Die Selbstdiagnose durch Ausschlussverfahren (Verzicht auf Milchprodukte für 2 Wochen) bietet ebenfalls einen ersten Anhaltspunkt, der durch einen medizinischen Test bestätigt werden sollte. Das wiedererlangte Wohlbefinden im Verdauungsbereich nach dem Verzicht auf Laktose ist ein deutliches Anzeichen.

Wie geht man im Alltag mit einer Laktoseintoleranz um?

Der Umgang basiert auf drei sich ergänzenden Maßnahmen:

  • Reduzierung oder Verzicht auf Milchprodukte unter Ermittlung der persönlichen Verträglichkeitsgrenze.
  • Bevorzugung fermentierter Milchprodukte (Joghurt, Kefir): Durch die Fermentation wird die Laktose teilweise abgebaut, was die Verträglichkeit verbessert.
  • Einnahme von Laktasepräparaten zu Beginn einer laktosehaltigen Mahlzeit, um das fehlende Enzym zu ergänzen.

Das Lesen der Etiketten ist unerlässlich: Laktose versteckt sich in unerwarteten Produkten (Toastbrot, Wurstwaren, Medikamente, Fertigsuppen). Spezifische Probiotika (Lactobacillus acidophilus) können die Verdauung von Laktose verbessern, indem sie deren Abbau im Dickdarm fördern.

Welche Alternativen zu Milchprodukten gibt es für Menschen mit einer Laktoseintoleranz?

Es gibt verschiedene Ersatzprodukte, die sowohl kulinarische Zwecke als auch den Nährstoffbedarf abdecken:

  • Angereicherte pflanzliche Milch: Mandel-, Soja-, Hafer-, Reis- und Kokosmilch – achten Sie auf die Anreicherung mit Kalzium und Vitamin D.
  • Pflanzliche Joghurts auf Soja- oder Kokosbasis, mit Kulturen angereichert.
  • Reife Käsesorten (Parmesan, Cheddar, Gruyère): sehr laktosearm, oft gut verträglich.
  • Laktosefreie Produkte (mit der Kennzeichnung „laktosefrei“): identisch mit herkömmlichen Milchprodukten, mit zugesetzter Laktase.

Wie lassen sich Mangelerscheinungen durch den Verzicht auf Milchprodukte vermeiden?

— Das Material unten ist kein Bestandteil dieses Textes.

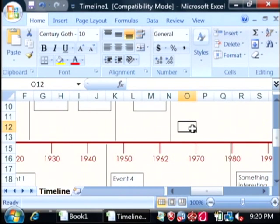It's that easy to create a simple timeline. My name is Dave Andrews and I've just showed you how to create a simple timeline using Excel.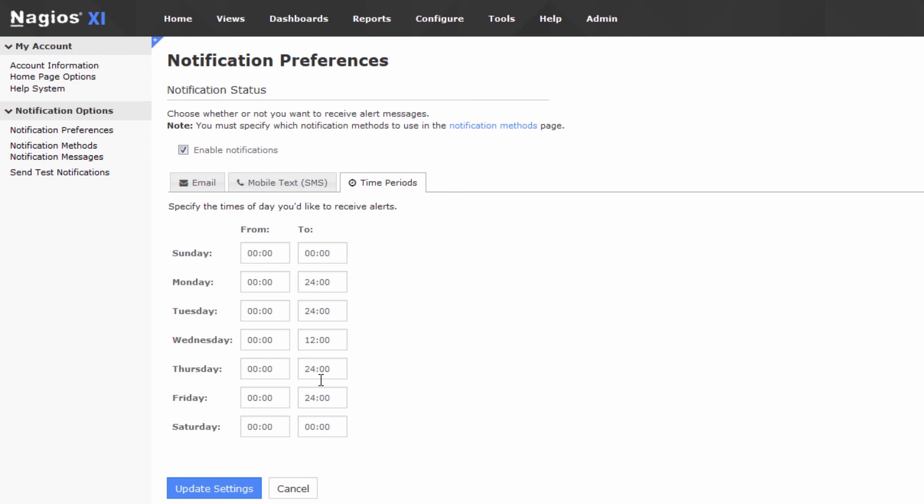Typically, people leave it at 24 hours overall, or they set up notifications during business hours. So, that would look something like 9, and let's say you work through 5, so that would be 1700. So, 9 to 5, and you could just make that Monday through Friday if you'd like.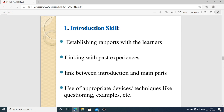Introduction skills involve establishing rapport with learners to gain their confidence, then linking with past experience relevant to the topic. There should be a clear link between the introduction and the main parts of the lesson, and use of appropriate devices and techniques like questioning and examples.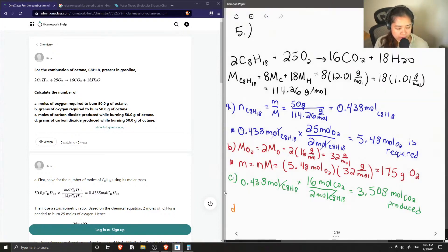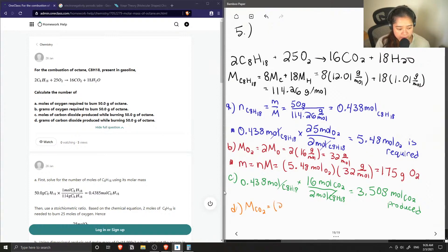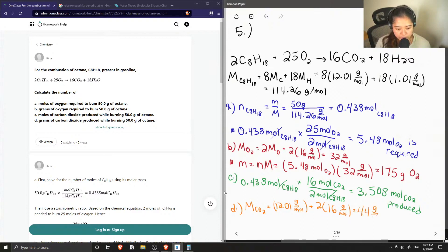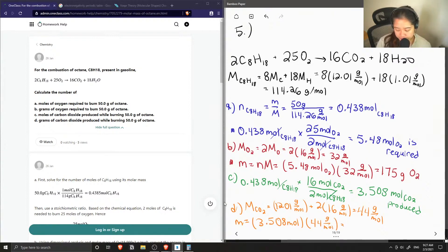For part D, we need the grams of CO2 produced. The molar mass of CO2 equals the molar mass of carbon (12.01) plus 2 times the molar mass of oxygen (16), giving 44 grams per mole. Mass equals moles times molar mass: 3.508 moles × 44 grams per mole = 154.38 grams of CO2 produced.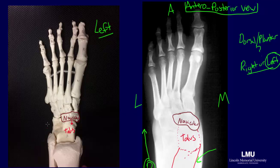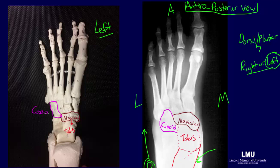Lateral to the navicular is the cuboid bone, which articulates posteriorly with the calcaneus. Here, the cuboid is being highlighted in a magenta color on both the radiograph and the model. We know that the bone directly behind the cuboid is the calcaneus. So again, the cuboid articulates with the calcaneus, and the navicular articulates with the talus.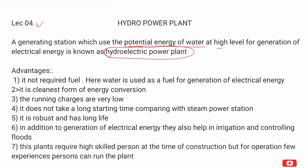The potential energy of water is converted into kinetic energy. One advantage is that it does not require fuel. Thermal plants require fuel, nuclear plants require uranium, and diesel plants require diesel fuel.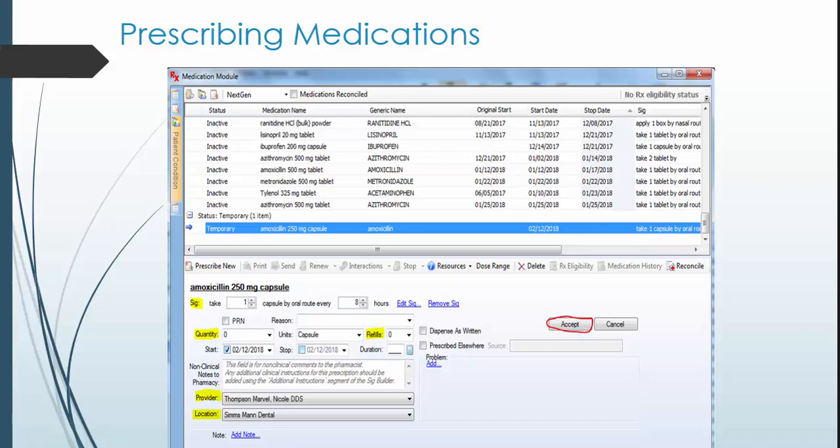You also need to send out the medication. Please see the supervising dentist to help you send out a prescription to the patient's pharmacy.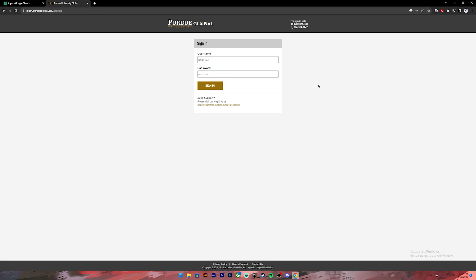If you need any support while logging in, you can click on this link to get assistance. Now once everything is set, make sure you have entered your correct credentials and click on the sign in button and you will be logged into your account.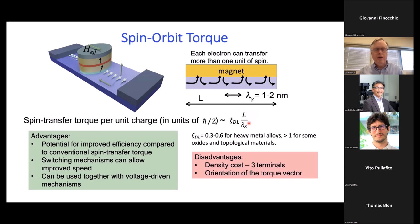This mechanism also allows faster switching than conventional spin transfer torque, but there are disadvantages. First, there's a density cost: this is a three-terminal device rather than a two-terminal device, though there might be ways around that by having more than one device share the same channel. The more fundamental disadvantage has to do with the orientation of the torque vector, and that's the main topic of today's talk.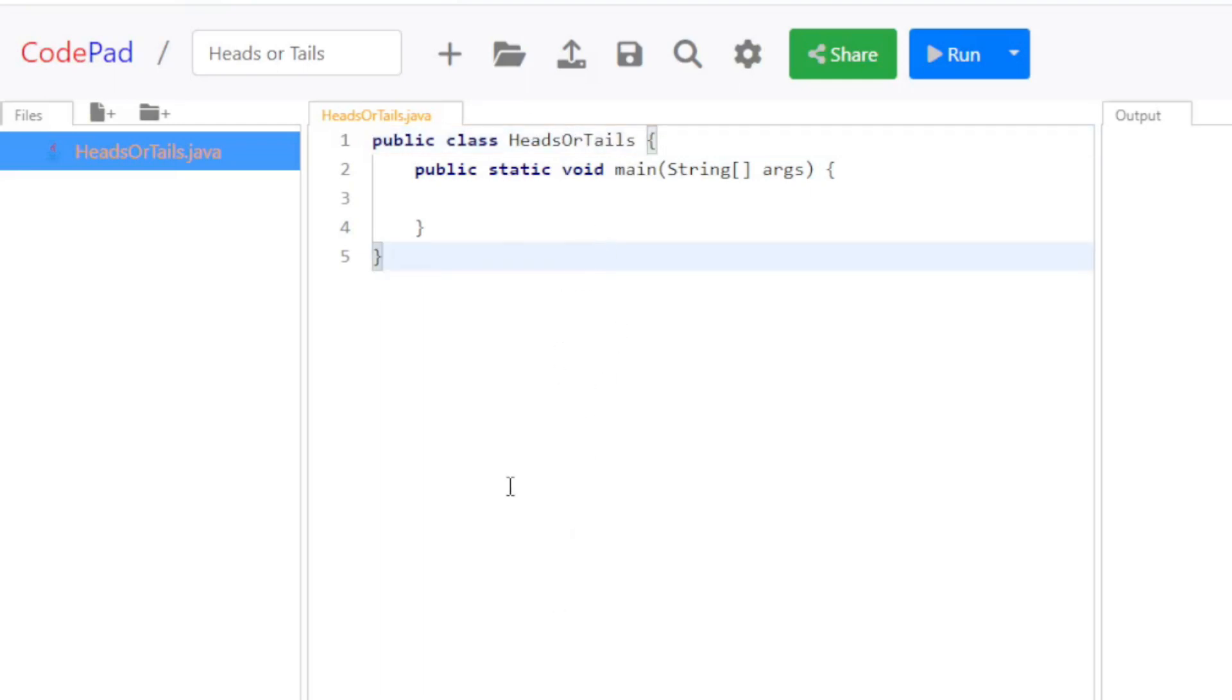So what this game will do is this: You'll guess whether you think it's going to be heads or tails, and it'll tell you if it's correct or not. And it'll do this over and over again. So what you need to begin with is we're going to use two classes.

Wer Milchprodukte weglässt, ohne sie zu ersetzen, riskiert einen Mangel an Kalzium und Vitamin D3, die für die Knochengesundheit unerlässlich sind. Zum Ausgleich:

  • Kalzium: grünes Gemüse (Brokkoli, Grünkohl), Mandeln, kalziumreicher Tofu, Sardinen mit Gräten, angereicherte pflanzliche Milch.
  • Vitamin D3: Regelmäßiger Aufenthalt in der Sonne und Nahrungsergänzung, unverzichtbar, wenn Milchprodukte bisher die Hauptquelle waren.
  • Eine Kalziumergänzung kann in Betracht gezogen werden, wenn die Zufuhr über die Nahrung unzureichend bleibt – jedoch immer nur nach ärztlicher Rücksprache.

Eine Ernährungsberatung durch einen Ernährungsberater ist besonders sinnvoll für Kinder, Schwangere und ältere Menschen, die anfälliger für die Auswirkungen eines Kalziummangels auf die Knochen sind.